- [Problem requirements] Transcribe exactly the lines from the one containing "C112 Coquetier Peint" through the end of the data, both included. Leave out pictures.

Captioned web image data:
====

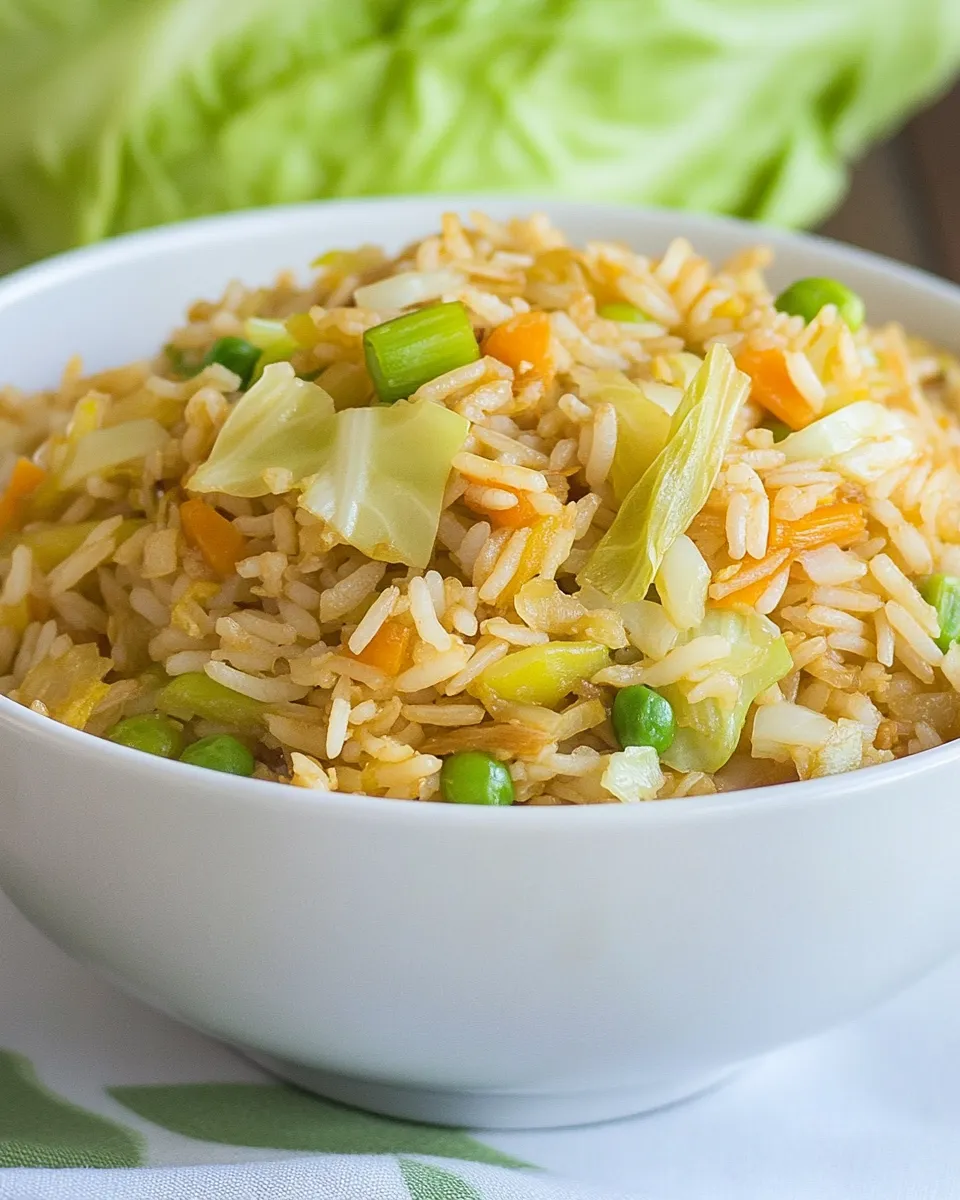 Classic Cabbage Fried Rice Recipe image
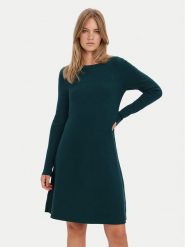 Vero Moda Sukienka dzianinowa Nancy 10254807 Zielony Regular Fit. Zielone sukienki Vero Moda, m, bez wzorów, z dzianiny, bez kołnierzyka, bez ramiączek. Za 209.99 zł.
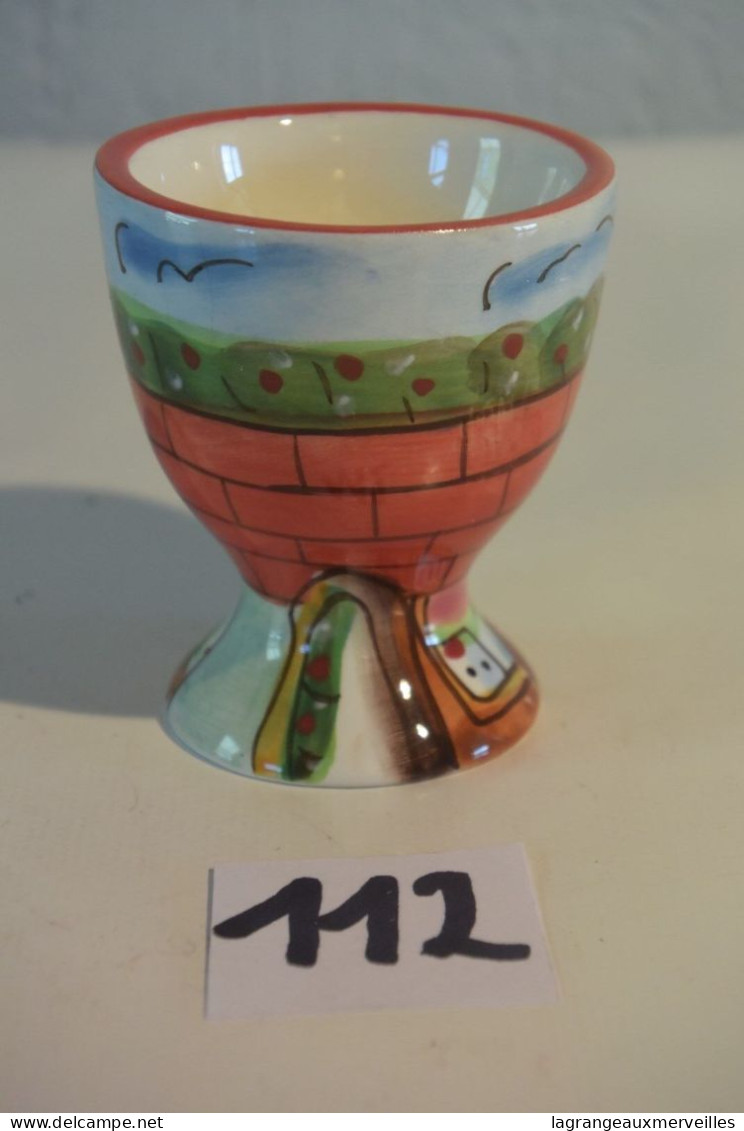 C112 Coquetier Peint à La Main RESTAURANT - Egg Cups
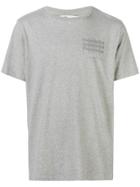Off-white Signature Graphic Print T-shirt - Grey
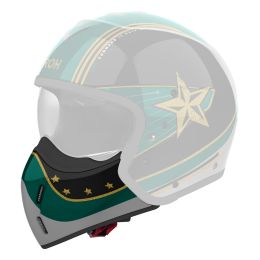 Mentoniera Casco Airoh J 110 Command Verde Menta Lucido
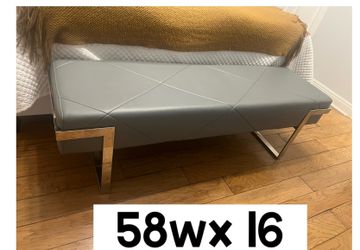 All leather bench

====

- [Result for this task]
 C112 Coquetier Peint à La Main RESTAURANT - Egg Cups
Off-white Signature Graphic Print T-shirt - Grey
 Mentoniera Casco Airoh J 110 Command Verde Menta Lucido
 All leather bench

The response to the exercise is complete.